§ Description of the task
Beginning with the line where "Sheet Invisible Material" appears, restate the lines word for word through the last one in the listing.

§ Recorded information
=== Begin Enclosure ===

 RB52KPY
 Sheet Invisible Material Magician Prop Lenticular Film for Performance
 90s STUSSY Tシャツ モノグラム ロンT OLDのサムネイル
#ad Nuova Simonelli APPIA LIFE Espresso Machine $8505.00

=== End Enclosure ===

§ Worked solution
 Sheet Invisible Material Magician Prop Lenticular Film for Performance
 90s STUSSY Tシャツ モノグラム ロンT OLDのサムネイル
#ad Nuova Simonelli APPIA LIFE Espresso Machine $8505.00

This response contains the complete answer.